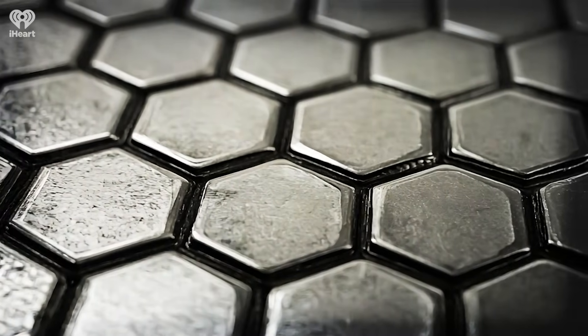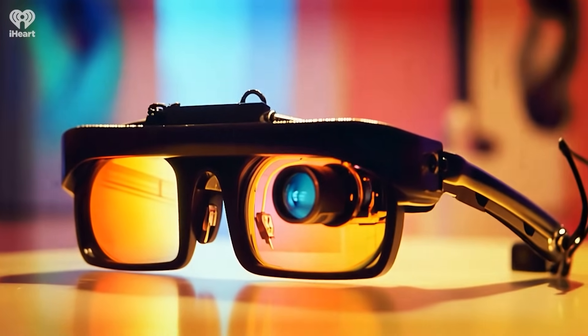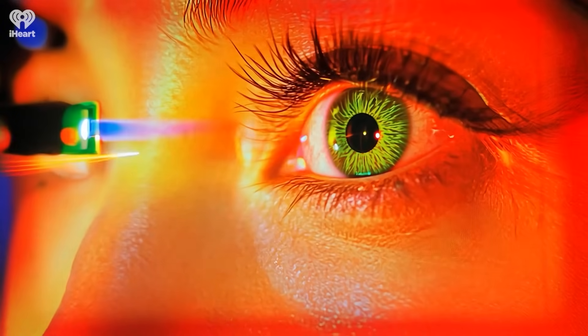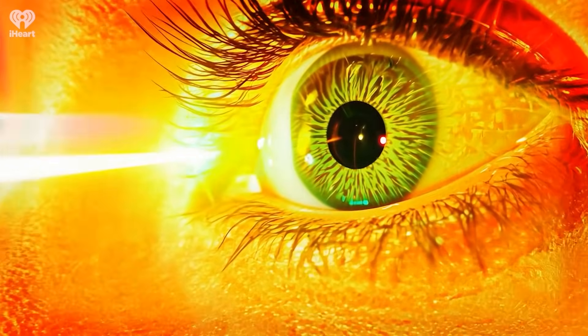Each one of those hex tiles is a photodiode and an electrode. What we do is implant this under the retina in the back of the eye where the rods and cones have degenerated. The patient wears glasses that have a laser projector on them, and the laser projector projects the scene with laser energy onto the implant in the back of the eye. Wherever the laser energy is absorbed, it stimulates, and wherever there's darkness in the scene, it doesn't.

..........

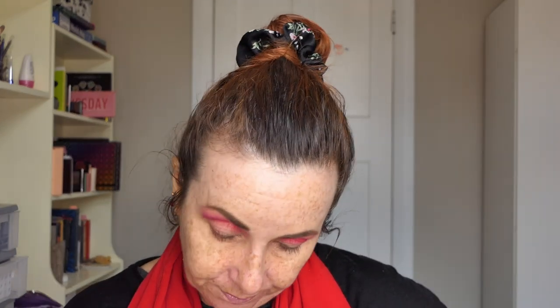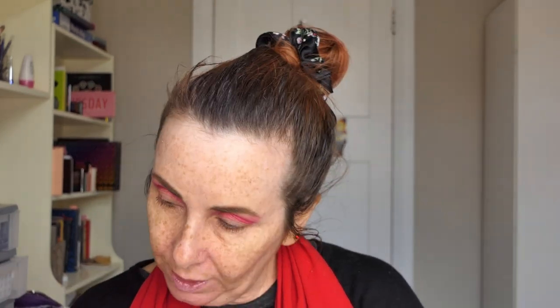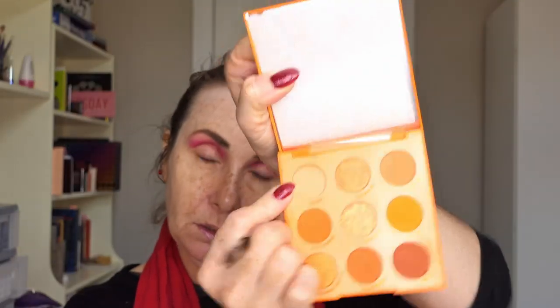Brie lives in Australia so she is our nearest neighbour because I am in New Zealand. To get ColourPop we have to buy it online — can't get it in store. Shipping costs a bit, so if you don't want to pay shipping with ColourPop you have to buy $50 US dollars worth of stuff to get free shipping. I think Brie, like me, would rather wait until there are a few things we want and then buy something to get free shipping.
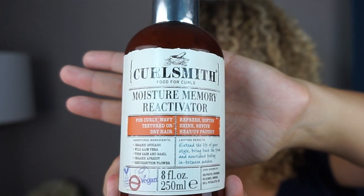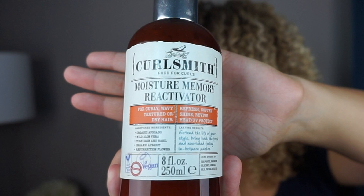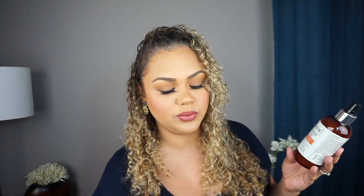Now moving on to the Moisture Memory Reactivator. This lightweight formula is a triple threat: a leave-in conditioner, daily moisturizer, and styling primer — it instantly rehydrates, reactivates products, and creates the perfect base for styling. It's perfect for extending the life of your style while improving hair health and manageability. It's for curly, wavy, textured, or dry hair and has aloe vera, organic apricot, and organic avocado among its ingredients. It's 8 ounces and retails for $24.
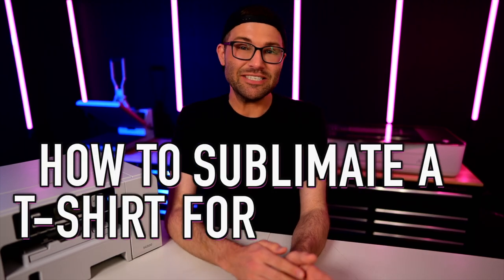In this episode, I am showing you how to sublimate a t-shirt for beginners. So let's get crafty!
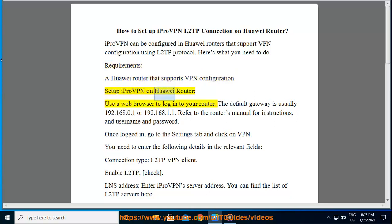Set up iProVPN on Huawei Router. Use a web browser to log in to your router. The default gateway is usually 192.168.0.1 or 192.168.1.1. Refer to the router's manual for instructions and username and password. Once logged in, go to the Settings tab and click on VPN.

..........

**Activity**
When copying from the data above, print only the lines from the line containing "Now moving on" to the line containing "Set up iProVPN", exactly, and leave the pictures out.

**Solution to the exercise**
Now moving on to the Moisture Memory Reactivator. This lightweight formula is a triple threat: a leave-in conditioner, daily moisturizer, and styling primer — it instantly rehydrates, reactivates products, and creates the perfect base for styling. It's perfect for extending the life of your style while improving hair health and manageability. It's for curly, wavy, textured, or dry hair and has aloe vera, organic apricot, and organic avocado among its ingredients. It's 8 ounces and retails for $24.
In this episode, I am showing you how to sublimate a t-shirt for beginners. So let's get crafty!
Set up iProVPN on Huawei Router. Use a web browser to log in to your router. The default gateway is usually 192.168.0.1 or 192.168.1.1. Refer to the router's manual for instructions and username and password. Once logged in, go to the Settings tab and click on VPN.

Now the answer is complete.